Dive Brief:
- Twitter released its fourth quarter earnings Thursday morning. The company reported quarterly revenue growth of 1% year-over-year to $717 million, and its ad revenue declined year-over-year to $638 million. Twitter-owned-and-operated advertising revenue stood at $553 million, down 1% year-over-year.
- Twitter emphasized strong audience engagement in the report, but monthly active users only grew by two million from Q3, reaching 319 MAUs total.
- Twitter has recently enacted myriad belt-tightening efforts in an attempt to ensure profitability: The company laid off 9% of its staff following Q3 earnings, shuttered its video-looping app Vine and sold off a variety of tech properties to Google, including the Fabric mobile app developer platform. Despite the scale and variety of these belt-tightening efforts, the impact has been limited.
Dive Insight:
While Twitter’s growth has seemed particularly slow over the past fiscal year, an actual decline in ad revenue underscores a more desperate state for the social media company than some might have predicted. Neither holiday marketing pushes nor the constant activity of major societal figures such as President Donald Trump on the platform appears to have provided a much-needed boost in Q4.
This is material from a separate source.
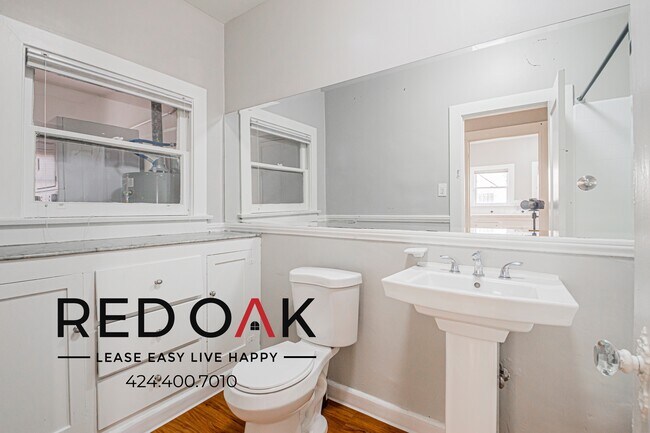 Building Photo - 149 S Sycamore Ave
Twitter also has recently hedged its bets on live video offerings, brokering deals with a variety of media organizations including the NFL, and integrating Periscope streaming for users. Though these partnerships remain strong and may attract more ad dollars in 2017, the micro-blogging site’s actual user growth appears relatively stagnant, which might be a turnoff for brands.
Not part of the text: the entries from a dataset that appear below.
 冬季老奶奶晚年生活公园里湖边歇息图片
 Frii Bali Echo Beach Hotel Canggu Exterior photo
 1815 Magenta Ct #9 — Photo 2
Research from RBC capital markets from last year found 30% of surveyed marketers don't put any ad budget into Twitter at all. Despite Twitter's concentrated push into live video, many brands still find the platform most valuable as a customer service and experience tool, which doesn't necessarily net Twitter a ton of revenue.
This week's Super Bowl showed that Twitter still has an important role to play in live events, with more than 27.6 million tweets using the #SB51 hashtag sent during the broadcast and a number of big brands like Pepsi and Budweiser active on the platform promoting their TV campaigns.